Visual relation understanding plays an essential role for holistic video understanding. Most previous works adopt a multi-stage framework for video visual relation detection (VidVRD), which cannot capture long-term spatiotemporal contexts in different stages and also suffers from inefficiency. In this paper, we propose a transformerbased framework called VRDFormer to unify these decoupling stages. Our model exploits a query-based approach to autoregressively generate relation instances. We specifically design static queries and recurrent queries to enable efficient object pair tracking with spatio-temporal contexts. The model is jointly trained with object pair detection and relation classification.
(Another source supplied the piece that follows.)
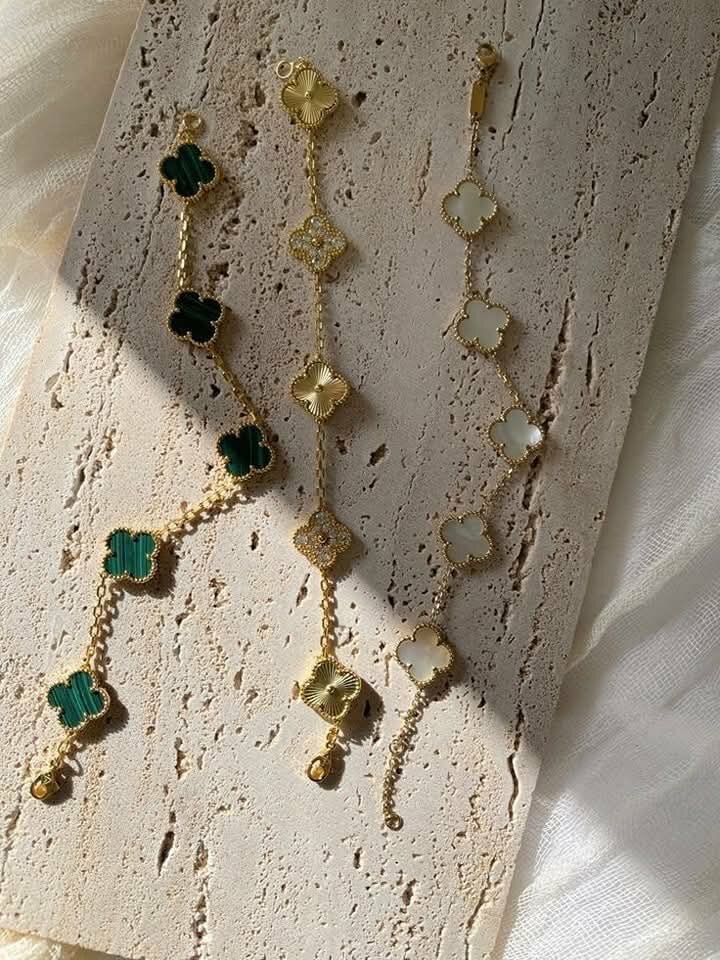 Bracelet élégant trèfle or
Extensive experiments on two benchmark datasets, ImageNet-VidVRD and VidOR, demonstrate the effectiveness of the proposed VRDFormer, which achieves the state-of-the-art performance on both relation detection and relation tagging tasks.

DATA PREPARATION

We refer to our docs/DATA.md for detailed installation instructions.

Installation

We refer to our docs/INSTALL.md for detailed installation instructions.

Train VRDFormer on VidVRD

  • Train VidVRD based on detr with 8GPUs and batchsize=32
sh script/stage1/train_mgpu.sh
sh script/stage2/train_mgpu.sh
  • Train VidVRD based on deformable detr
sh script/stage1/train_deform_mgpu.sh
sh script/stage2/train_deform_mgpu.sh

Train VRDFormer on VidVRD

Train VidOR based on detr with 8GPUs and batchsize=64

sh script/stage1/train_mgpu_vidor.sh
sh script/stage2/train_mgpu_vidor.sh

Train VidOR based on deformable detr

sh script/stage1/train_deform_mgpu_vidor.sh
sh script/stage2/train_deform_mgpu_vidor.sh